Obviously, the second tone has a much smoother start and end than the first one, and the third one, even if it is smoother than the first, is not as smooth as the second. Again, the frequency content is the same, so what has changed? In one word: the envelope.
The envelope of a sound can be defined as the sound's volume variations in time. There are four stages that can be identified in the envelope of a sound: attack, decay, sustain, release. Let's define these stages and then we'll see how they work:
Attack: is the very beginning of a sound.
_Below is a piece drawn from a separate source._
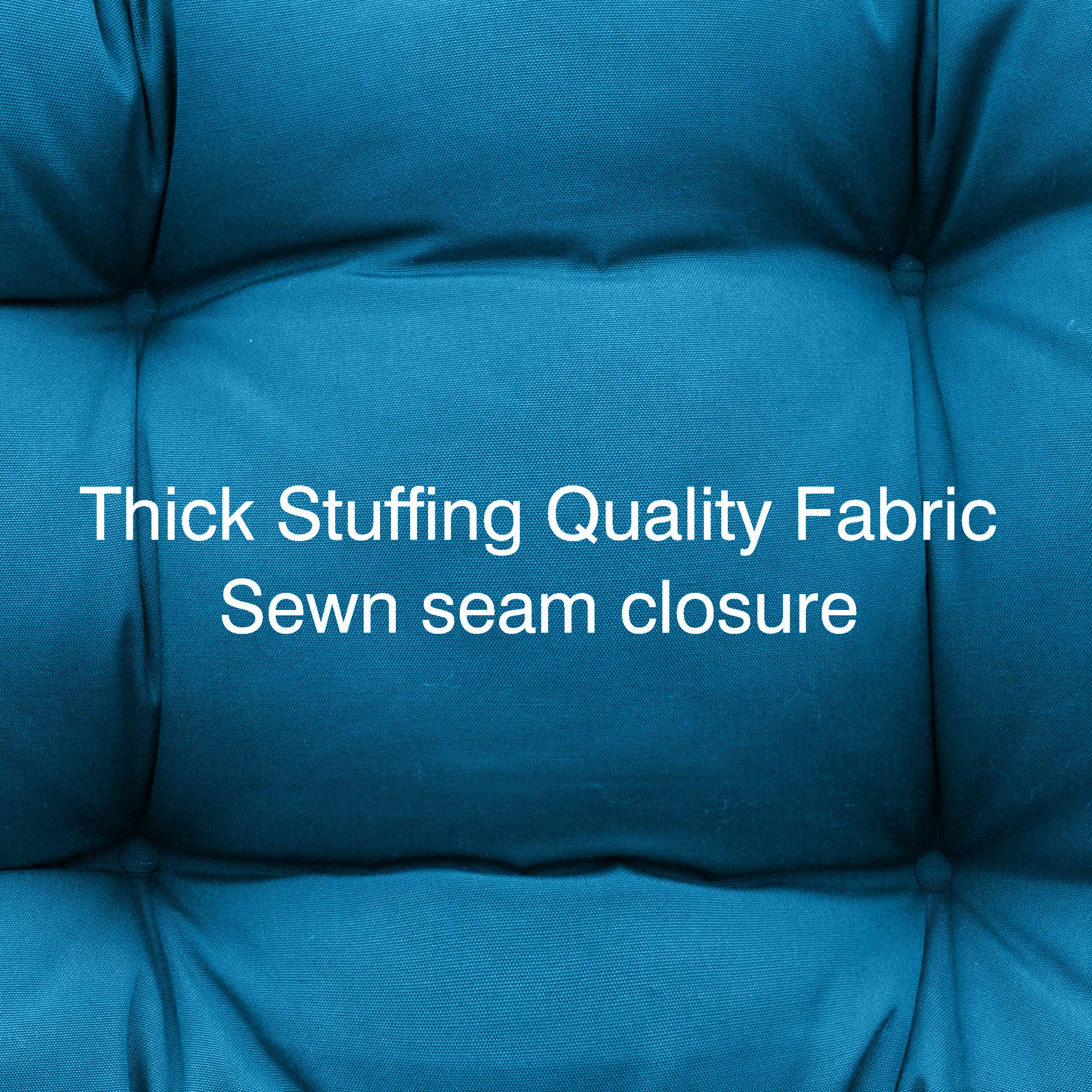 Premium Outdoor Seat & Back Chair Cushions - 4-Pack Tufted Pillows for Patio Furniture, Spring/Summer Seasonal Replacement (Peacock Blue) | Perfect for Garden, Poolside, Deck & Outdoor Lounging
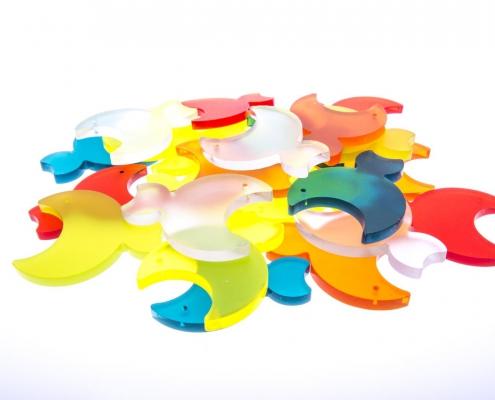 Rybičky jednobarevné tyrkysové stolní dětská hra ruční výroba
How quickly a sound gets from silence to its loudest peak
Decay: how quickly the volume of the sound is reduced after its loudest peak
Sustain: how long is the sound's volume maintained after the decay
Release: how quickly the sound's volume gets back to zero
For example: a pipe organ has
a fast attack (pressing a key will activate an air flux through a pipe very quickly)
a very slow decay, if any (once the key is kept pressed the volume tends to stay constant)
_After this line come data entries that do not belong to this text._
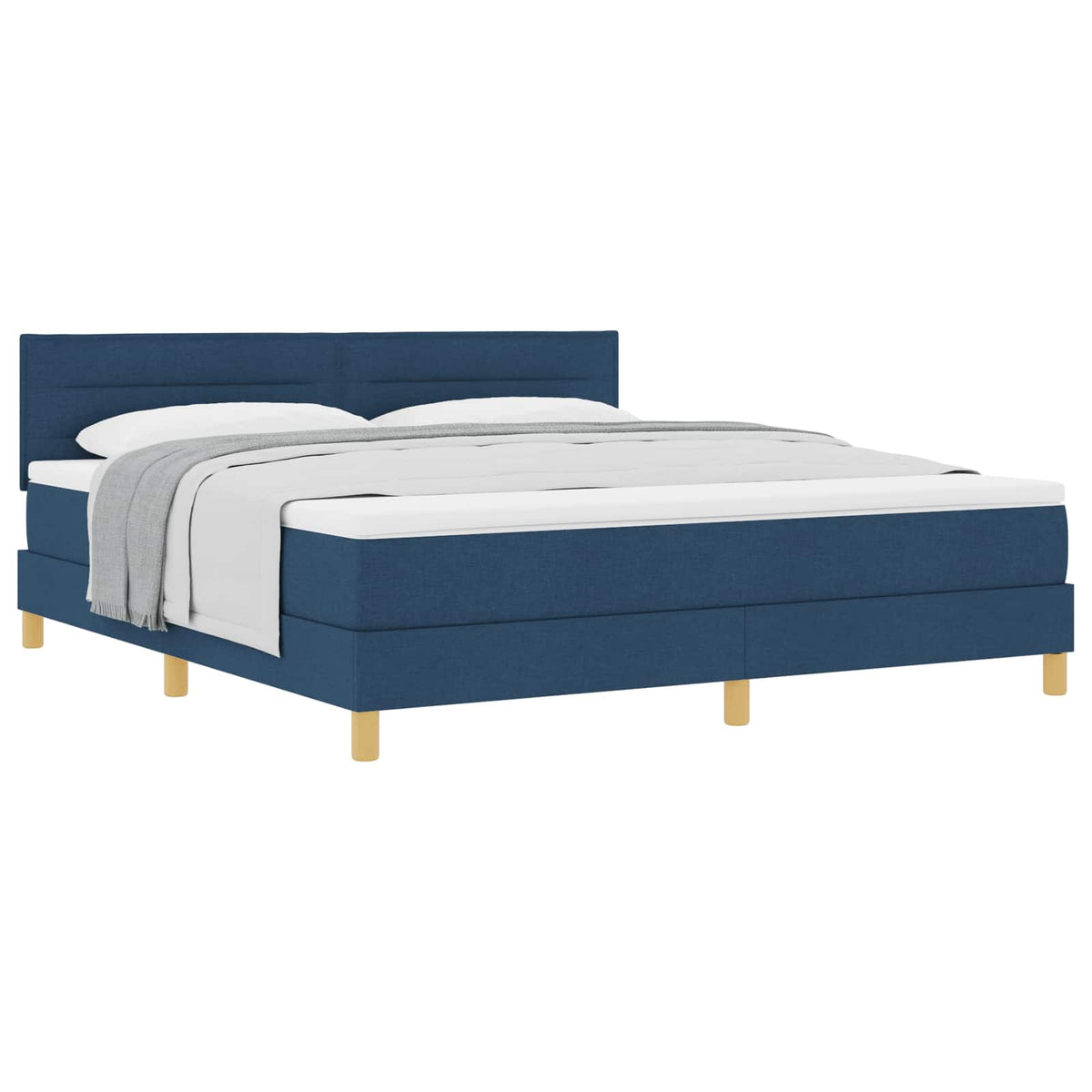 Boxspringbett mit Kissen mit Kopfteil Blau 180 x 200 cm Stoff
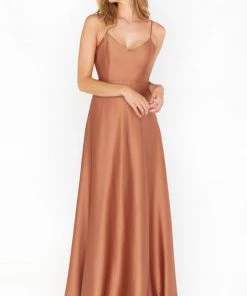 Show Me Your Mumu Bridesmaids Dresses Faith Maxi Dress ~ Copper Luxe Satin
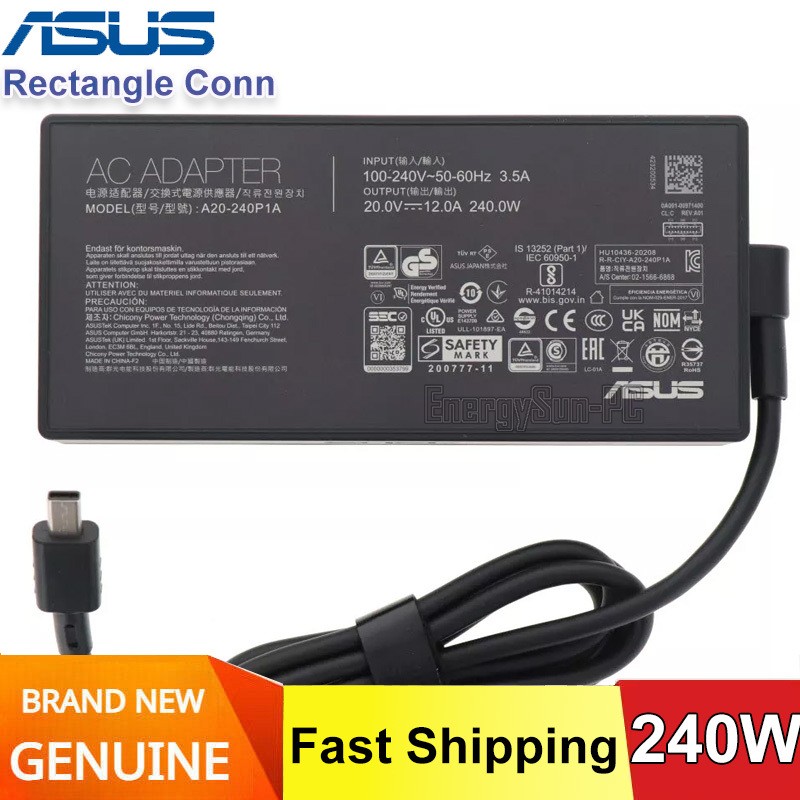 240W Original ASUS GA403UP-CS96 GA403WR-XS97 ROG Zephyrus G14 Charger A20-240P1A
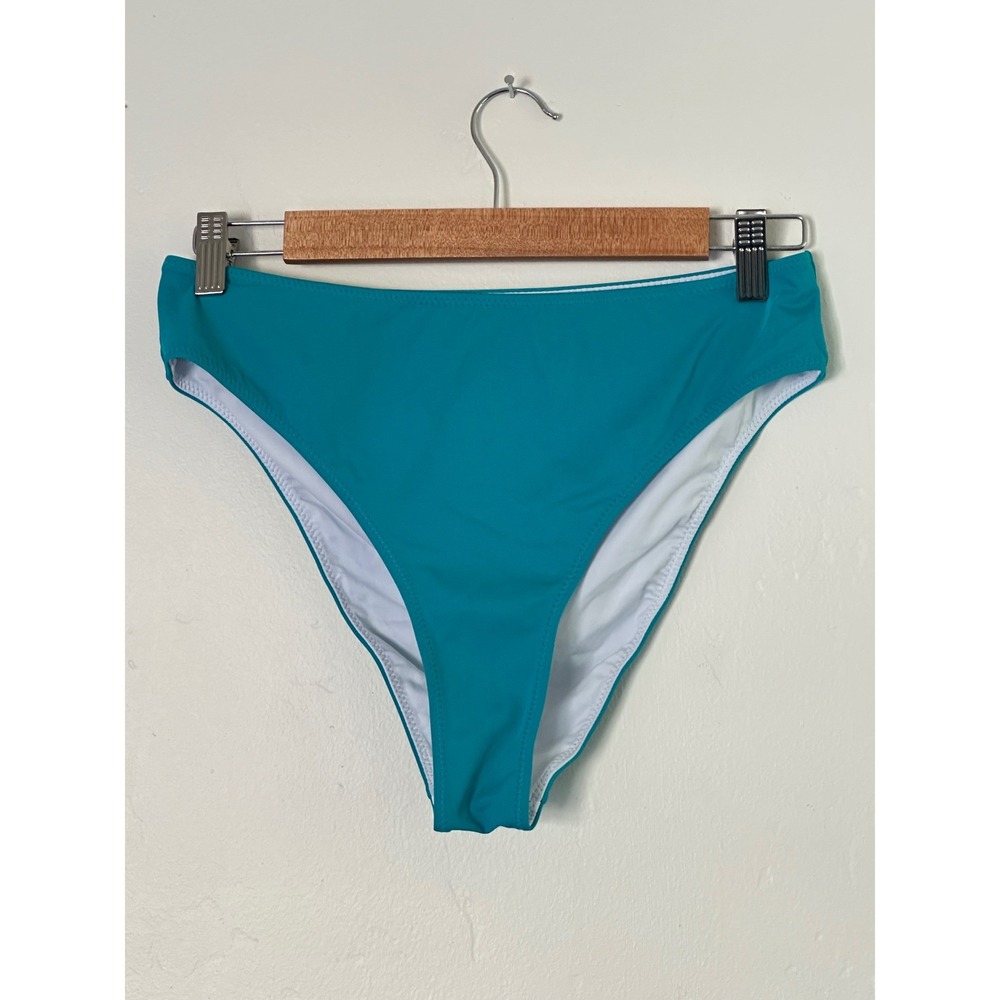Halara Womens High Waisted High Cut Bikini Bottom Teal Blue Size Large Solid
a long sustain (the sound's volume does not decrease until the key is released)
a fast release (as soon as the key is released the sound ceases)
On the other hand a guitar has:
A fast attack (as soon as we pluck the string we hear the loudest peak)
A fast decay (the volume stabilises quickly to a lower level after the first peak)
A shorter sustain (once the string is plucked the volume decreases progressively)
A long release (which is almost indistinguishable from the sustain)
A violin has:
A slow attack (the bow makes the note start very smoothly)
a very slow decay, if any (once the bow is producing the note the is almost no volume variation)
a long sustain (the volume keeps constant as long as the bow is producing the note)
a fast release (as soon as the bow is detached from the string the sound ceases)
These can be visualised as such:
So this would be the envelope of our first tone
This would be the second
And this the third
This is an organ's note waveform and its envelope
This is a guitar's note waveform and its envelope
How does the envelope relate to our perception of the volume? Probably you already have an idea at this stage, having listened to these examples, but let's summarise it:
The attack time does not generally relate to how loud the sound is perceived: it contributes more to the 'character' or 'style' with which a sound is played.
The following sounds have very different attacks, but their volume is almost the same.
What makes us hear a sound as 'loud' is more the sustain stage, which is when the volume stabilises to a certain level.
Hence, we can also conclude that:
Brief and momentarily peaks of high amplitude levels (also called 'transients') are not generally perceived as 'loud' but rather as 'punchy', 'vigorous', 'vivid'
Longer periods of constant high amplitude levels are on the other hand perceived as loud.
The distance between the highest and the lowest peak of a sound is called dynamic range. This is a very important quality. As we will see, the dynamic range of single sounds and of the whole mix is something we should really care about while mixing.